2009 Marcillac Lo Sang del Pais, Domaine du Cros
Lithe red fruit that keeps delivering the goods. Graphite and slate on the nose, delicate red fruits with fugitive notes of paprika and fennel, cool acidity with condensed iron filing minerality to round off.

2009 Gamay d’Auvergne, Domaine Maupertuis
Slightly cloudy with an aroma of barnyard when it is first opened. This dissipates quickly, but leaves behind a topsoil smell that remains to accompany the raspberry notes. Sour cherry and pomegranate seed flavours are accompanied with earthiness too. This is a Gamay as nature intended, organic, unfiltered and unsulphured, as prickly as a hedgehog with ants in his pants, a dark pickled damson strut across the tongue, and you should drink it with alacrity from a pot lyonnais with some tripoux or ”Truffade” a baked mixture of sliced potatoes and Tome de Cantal.
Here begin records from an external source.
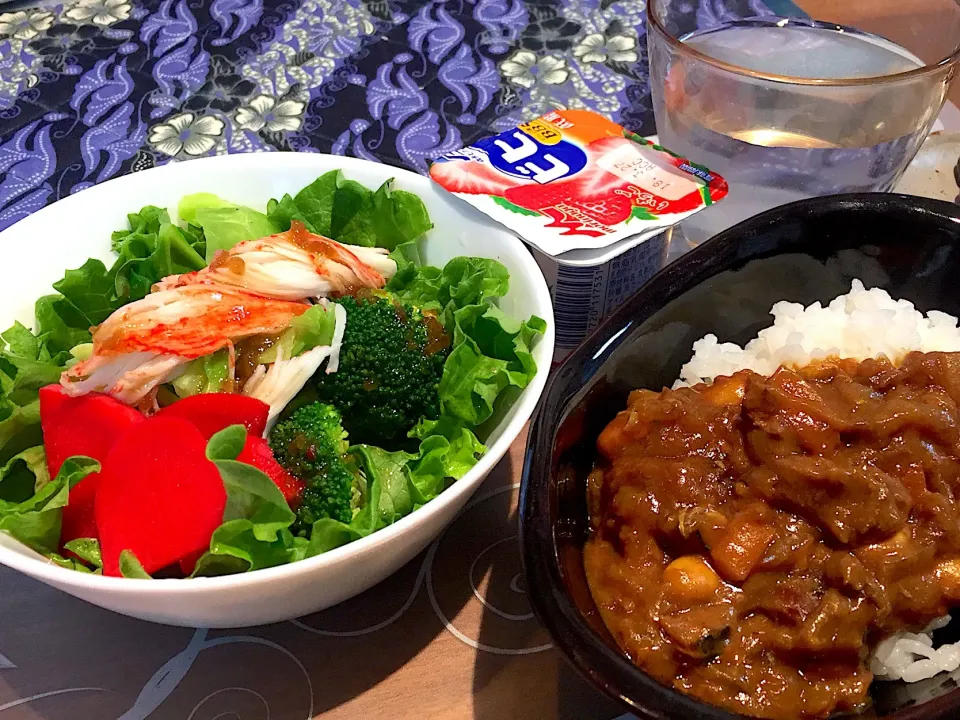 Snapdishの料理写真:朝ごはん
鯖カレー、サラダ（グリーンカール、ブロッコリー、茹でキャベツ、ラディッシュ酢漬け、カニカマ）、苺ヨーグルト|かよちゃんさん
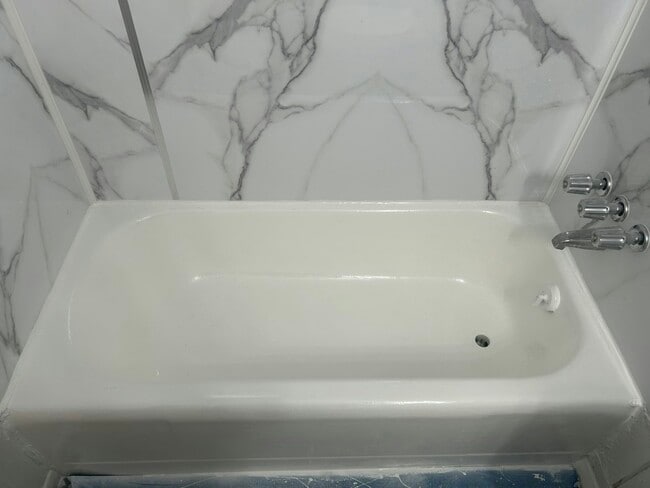 Building Photo - 15907 Knight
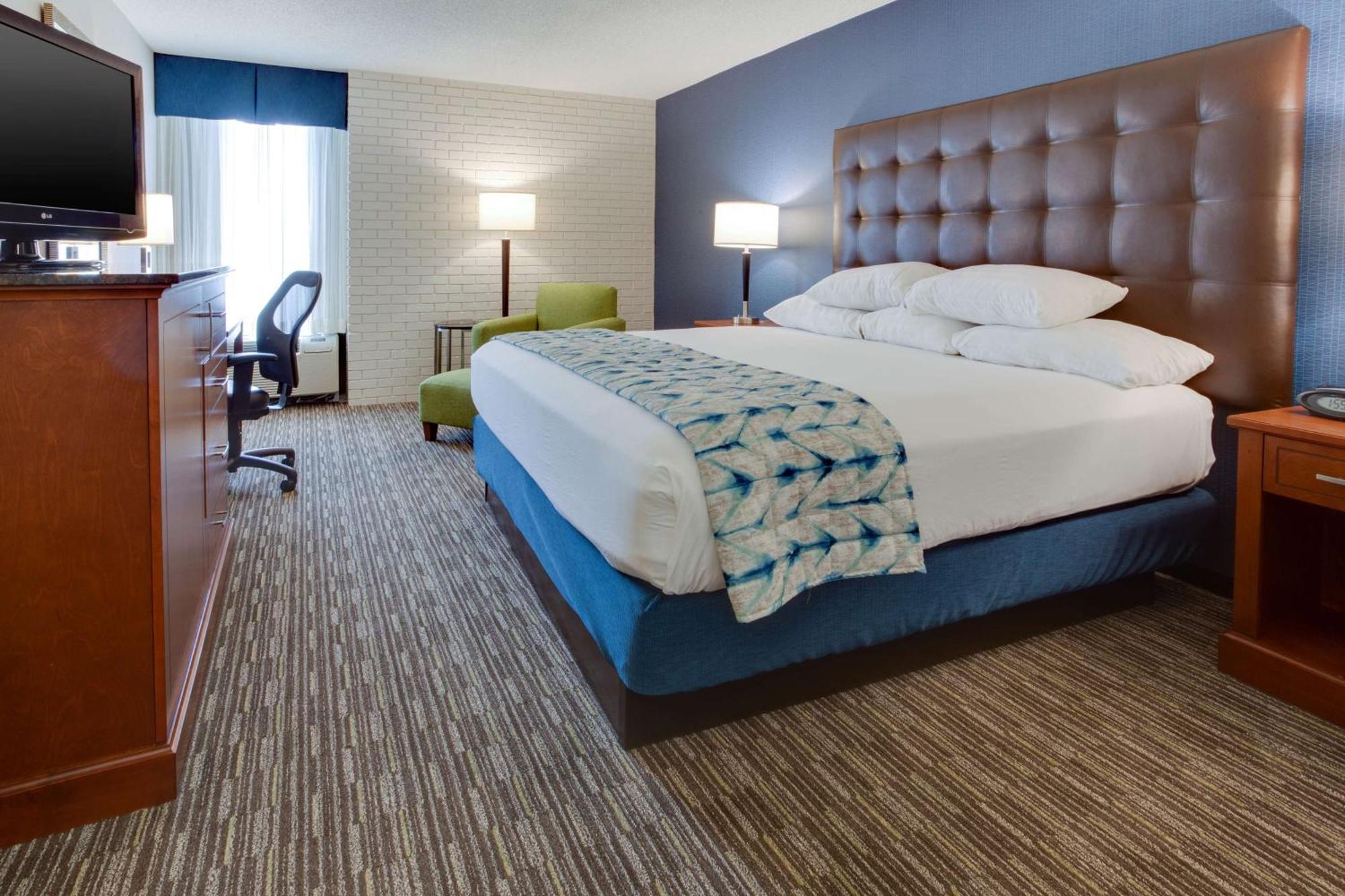 Drury Inn & Suites Nashville Airport Экстерьер фото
2008 Raboso Marca Trevigiana, Gatti Lorenzo
The gum-tingling Raboso is fermented on the skins for at least 10 days with frequent manual remuage in cement tank with indigenous yeasts and without temperature control. After a gentle pressing the wine stays tanks before being bottled without clarification or filtration. The wine weighs in at a slimline 11% and is enormous fun to drink.